Recommended Hardware

For the best balance of accuracy and cost, consider these options:

  1. Sensirion SEN55 — a single module that measures PM1, PM2.5, PM4, PM10, VOC index, humidity, and temperature. Around $35 per unit. Needs a microcontroller.
  2. Senseair S8 — dedicated NDIR CO2 sensor, far more accurate than the VOC-estimated CO2 readings on cheaper units. About $25.
  3. ESP32 board — runs ESPHome firmware, connects to Wi-Fi, costs $5-8. One per room.

Total cost per room: roughly $65. For a three-bedroom home with living room and kitchen, that is $325 for comprehensive coverage — less than a single Awair Element that only covers one room.

Software Stack

Flash each ESP32 with ESPHome. Define the sensors in a YAML config file and it generates the firmware automatically. ESPHome integrates natively with Home Assistant, which becomes your central dashboard.

In Home Assistant, create a dedicated air quality dashboard with gauges for each room. Set up automations: if CO2 in the bedroom exceeds 1,200 ppm, turn on the ERV or send a notification to open a window. If PM2.5 spikes above 35 µg/m³ in the kitchen, automatically boost the range hood fan.

Placement Tips

Mount sensors at breathing height — roughly 3 to 5 feet on a wall or shelf. Keep them away from windows, air vents, and direct sunlight, which skew readings. In the kitchen, place the sensor at least 10 feet from the stove to avoid constant cooking spikes that obscure meaningful trends.

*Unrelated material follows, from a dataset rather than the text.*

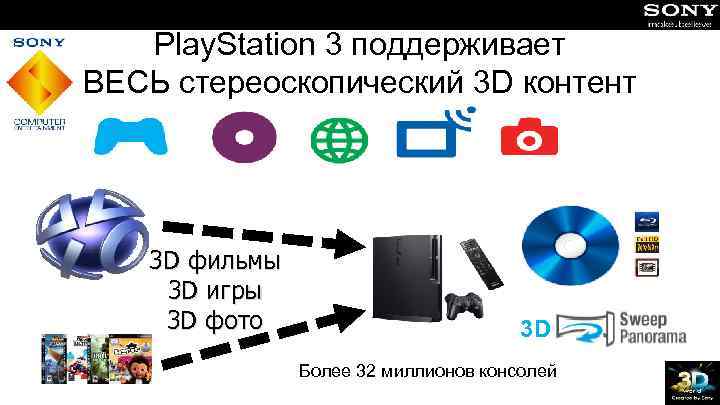 Play. Station 3 поддерживает ВЕСЬ стереоскопический 3 D контент 3 D фильмы 3 D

What I Learned After Six Months

Running this system revealed patterns I never expected. My home office CO2 hit 1,800 ppm by mid-afternoon with the door closed — explaining my daily 2 PM brain fog. The guest bedroom had persistent 65% humidity due to a slow bathroom fan leak, creating conditions for hidden mold. And PM2.5 spiked every Tuesday evening, which I eventually traced to my neighbor burning brush on the same day each week.

The data made invisible problems visible — and fixable.